I’ve been digging into the elite families, child hunting parties and trafficking in the past week. I saw a post here about it and started searching on Yandex (lots of websites with survivors stories). My sleep had finally gotten really good for a life long insomniac. The past week it’s been awful waking up every few hours. So now I’m conflicted do I keep researching?! Not because I’m giving in the devil because I don’t know how much I can stand to know. I’ve known about this stuff several years and I’m ashamed to admit it took having a grand baby for me to understand it. I can’t imagine harming someone so small and innocent that can’t fight back.
I feel like I’m beating the devil little by little. I’m turning my desire to learn around and focusing on biblical education. I have been listening to biblical education videos, local sermons online and on YouTube. Hopefully I’ll be able to get to the physical bible soon. My attention span is awful. I’m getting better doing daily prayer. I’ve also committed to a better eating plan and have been losing weight.
As usual I over share but hopefully my big mouth and what I’ve been through will help someone else that’s struggling. Yes, I feel like evil is trying to take me down but I’m fighting it every day.
YES Anything and everything that could go wrong is going wrong. Not in big life, but every day life - little things.
Also, my mom had a premonition about me getting in a car accident or something bad happening to me. She pulled up to the house and saw my car, and she got a sick feeling inside, and then she had this thought that she had to call my daughter to let her know something bad happened to me.

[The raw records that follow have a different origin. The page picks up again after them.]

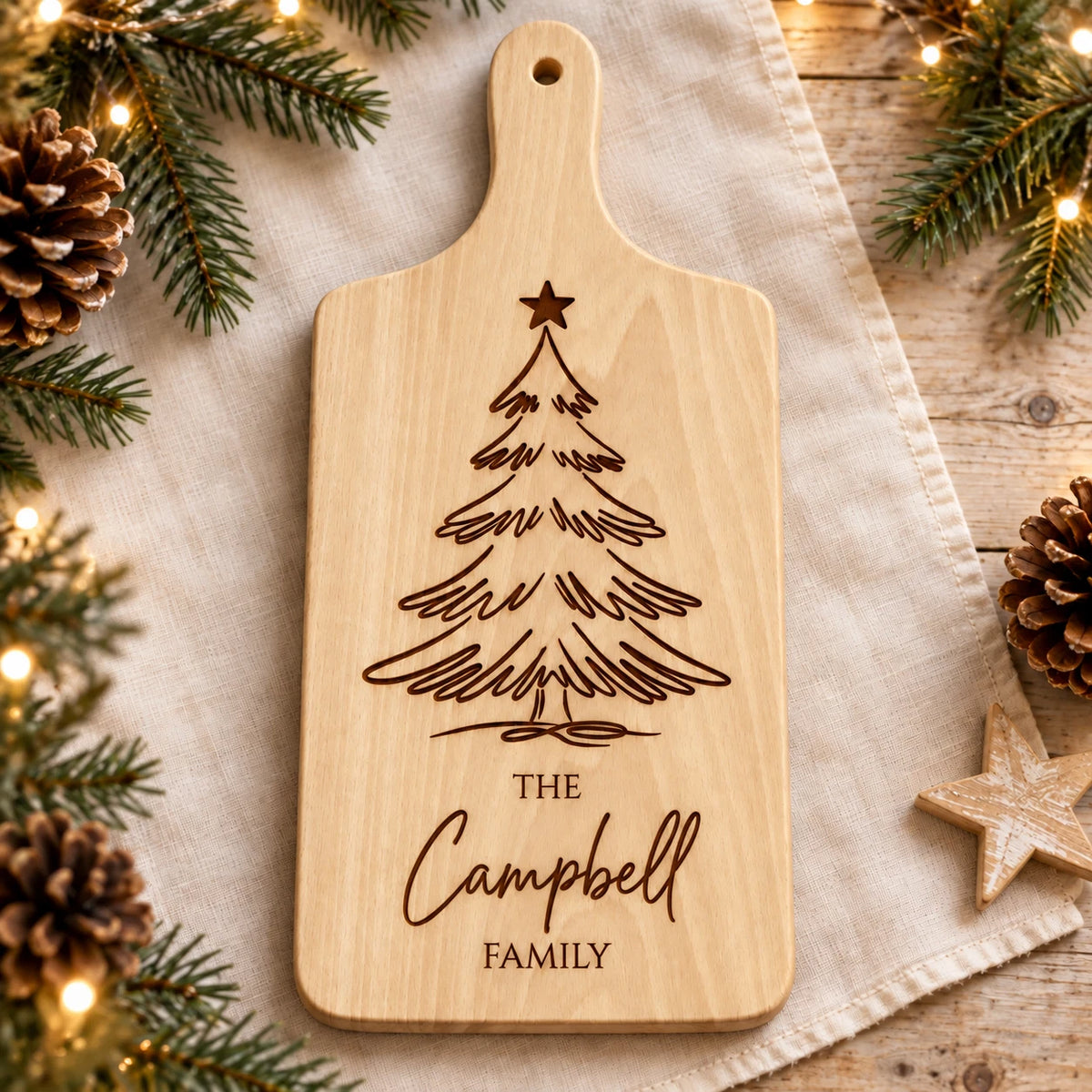 Personalised Christmas Chopping Board - Family Name, Engraved Wooden Serving Board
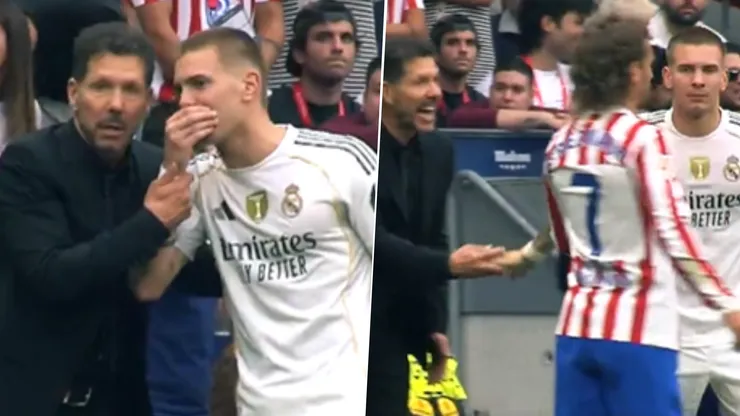 Franco Mastantuono le recriminó que haya pedido que lo expulsen y Diego Simeone le explicó que lo hizo porque el Atlético de Madrid necesitaba ganar el derbi.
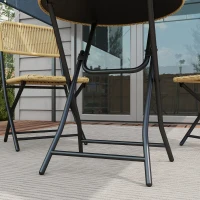 Outsunny Juego de 3 Piezas Muebles de Jardín Plegable de Ratán con 2 Sillas y 1 Mesa de Centro Redonda para Terraza Natural(m-8)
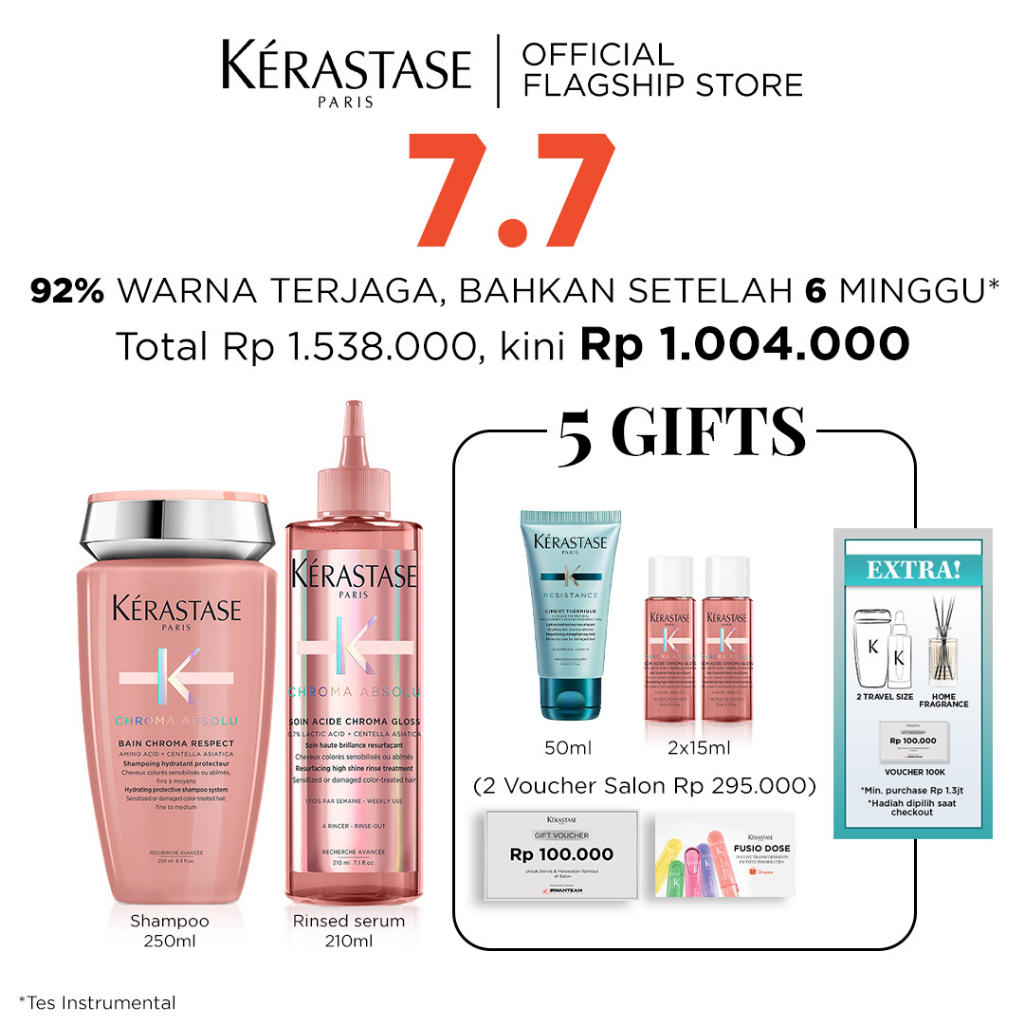 Kerastase Shampoo &amp; Serum Rambut Diwarnai-Bain Chroma Respect 250ml &amp; Soin Chroma Gloss 210ml.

We’ve been requesting prayer from my Womens Bible Study groups for protection over me.
I’ve also been feeling depressed, which I haven’t been having to deal with for an entire year now. So there’s that. Don’t want to go back to that.
But it just seems like there’s some satanic attack going on. Nothing grand, just the constant needling.
We are constantly in the word, and I go to probably three Bible studies, a week, and church - so I can’t say that I’m not in the word. But Satan hates that doesn’t he!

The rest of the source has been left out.